For continuous-wave operation, Nd:YVO4 allows overall similar performance to Nd:YAG in cases with medium or high power. Whereas the thermal conductivity is worse, the temperature coefficient of the refractive index is smaller, so that thermal lensing is not stronger. Due to its high gain efficiency, Nd:YVO4 is better than Nd:YAG for lasers with very low threshold pump power.
For Q-switched lasers, Nd:YVO4 does not allow for pulse energies as high as for Nd:YAG, because its capability for energy storage is lower than that of Nd:YAG due to the lower upper-state lifetime and the high gain efficiency. On the other hand, Nd:YVO4 is better suited for high pulse repetition rates, where it still allows the generation of fairly short Q-switched pulses.

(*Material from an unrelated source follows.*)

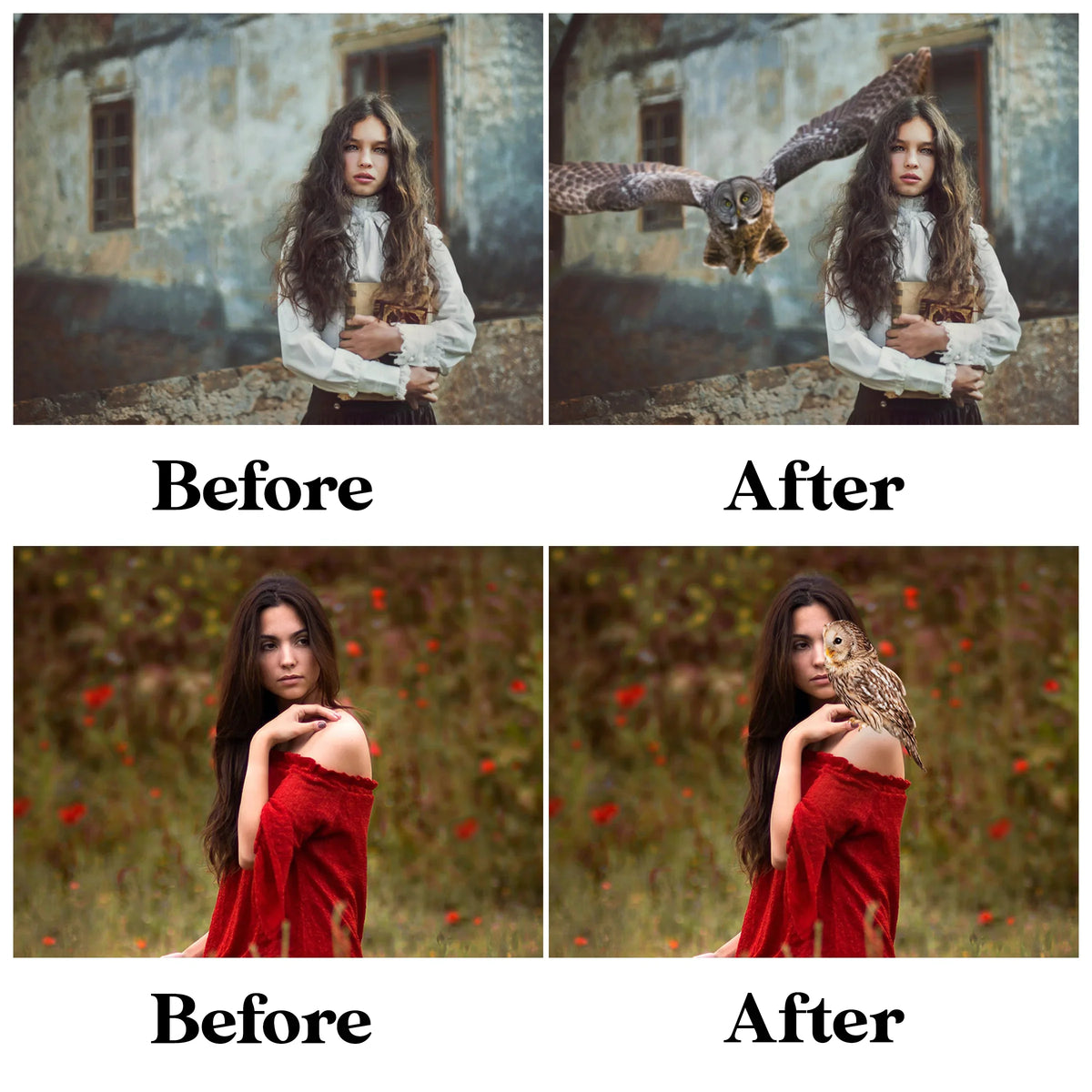 Owl Overlays for Photoshop - Night Bird and Woodland Creature Effects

Compared with Nd:YVO4, Nd:GdVO4 has a similar thermal conductivity, a slightly shorter emission wavelength (1063 nm), a somewhat larger gain bandwidth, lower emission cross sections, and still higher pump absorption. Note, however, that the published data concerning thermal conductivity of vanadate crystals differ considerably, so there are some significant uncertainties.
Pay no attention to the man behind the curtain.... This place ought to be renamed Laser Oz.

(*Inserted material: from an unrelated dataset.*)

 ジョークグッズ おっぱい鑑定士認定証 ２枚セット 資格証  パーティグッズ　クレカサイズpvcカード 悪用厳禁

That reminds me of the video you posted. So just say you don’t want to help me. Hehehe.
All good stuff but I think that was like drinking from a fire hose.
hey do you have safety glasses. Did you read the stickies.

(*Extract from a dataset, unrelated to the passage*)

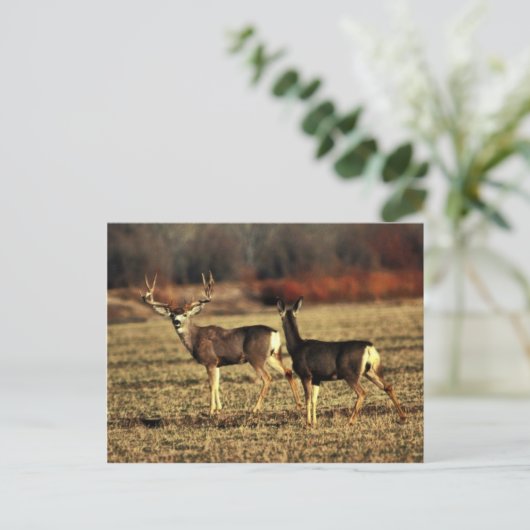 Mule Deer Postkarte (Stehend Vorderseite)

dude eveytwith lasers is not easy nor cheap. Alignment is everything. Sometimes you need to be incredibly precise. If you want to play try finding a dpss laser that’s low power that you can open and tweak to see how stuff works. Casix use to make a crystal with the coatings and all lined up so all you did was add an 808nm diode. This is somewhatinexpensive but rewarding to just see something work.
you can try an 808nm pump diode and a piece of coated nd:yvo4 and play with optics to couple the diode to the crystal and how temperature plays a role. That makes infrared so you need a meter to see it. Then you can add in ktp and play again with temp to see some visible photons. Take it one step at a time and protect your eyes. You’ll really need to do a bunch of reading. You might find a kit for this. Alaskan and the others are amazing sources of reference but you need to learn to crawl first. I mean I’m not going toss crystal symmetry cutting and phase matching nor lensing at you to start. Beam coupling quality. Thermal and electronic effects with upper population inversions. Etc.... you just want to see some photons. I think?
Glad you posted that, this is an area of interest for me too. Just that his question was something you could easily find the answer to, but members here are often willing to help regardless because sometimes finding the right search term is the problem, if you can't ask the right question, you cannot find the right answer.